On Al-Buhtori Street, the shelves are as diverse as the shoppers

A bustling store in Jabal Amman caters to the city’s significant East Asian communities

Asian Market (2)
Products from across East Asia are stacked and assorted neatly in Jabal Amman’s Asia Market on Al-Buhtori Street in these undated photos. The store caters to the city’s large East Asian community. (Photos: Natascha Tahabsem/JNews)


AMMAN — Wesam Abu Jreas ascended the four steps to his office on Al-Buhtori Street in Amman, Jordan.  The sleeves of his baby blue sweater bunched around his elbows.

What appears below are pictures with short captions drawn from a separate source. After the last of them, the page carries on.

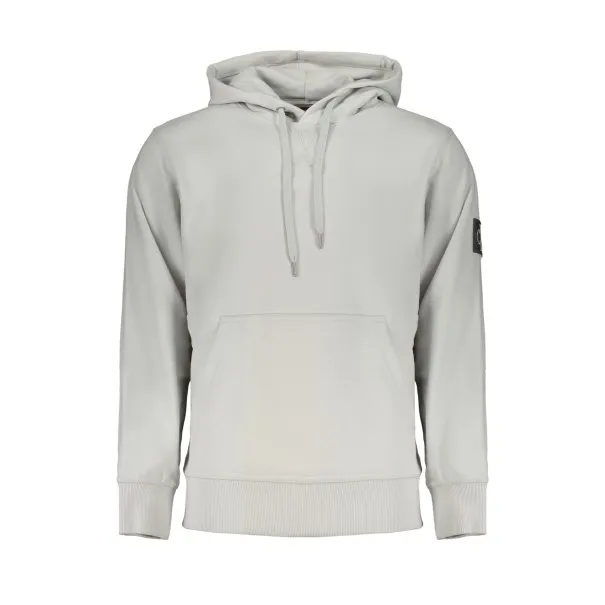 SWEAT-SHIRT SANS FERMETURE ÉCLAIR GRIS CALVIN KLEIN POUR HOMMES - CALVIN KLEIN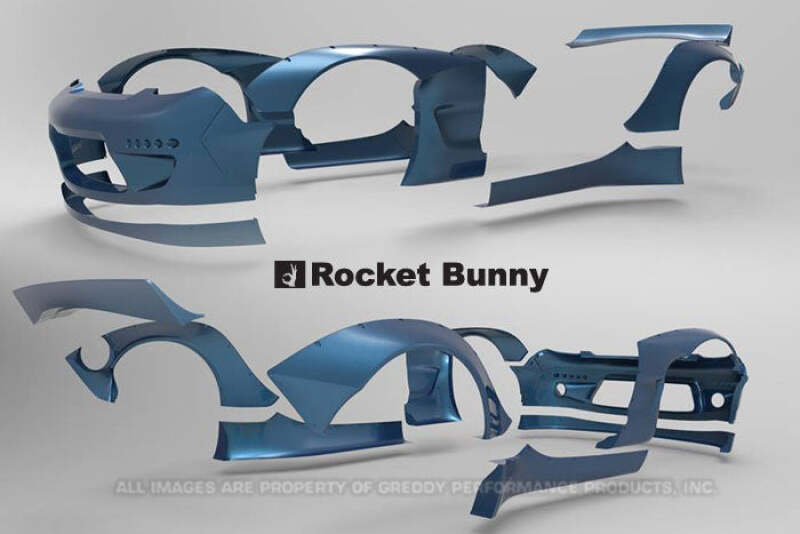 GReddy 1993-1995 Mazda RX-7 Rocket Bunny Full FD3S Wide-Body Aero Kit Ver. 2 - photo 5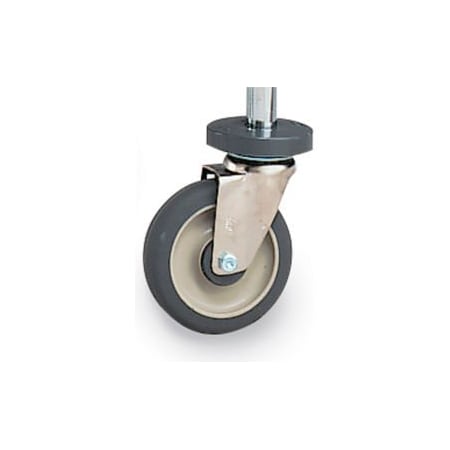 Metro Metro Casters for Wire Shelving - Polyurethane - Rigid with Bumper 5419002 POLYURETHN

He was framed by iridescent palettes of packaged dessert lining the shelves of Asia Market, Jordan’s top supplier of East Asian products since 2018. اضافة اعلان

Abu Jreas sat by his desk, where receipts, pens, and crushed paper cups mounted, and yanked out a karaoke microphone, speaking directly to the scurrying figures on his surveillance screen.

“Hey, help the lady in the Thai section,” he said to one of his employees between sips of Nescafé. “No, no. The one in pink.”

Lines of shoppers — a mix of the Kingdom’s East Asian community and Korean drama fans — thronged his store, their clanging steel baskets filled to the brim. The office chair creaked underneath him to a T-Pain beat from the early 2000s as he surveyed the screen for any signs of dismay or confusion.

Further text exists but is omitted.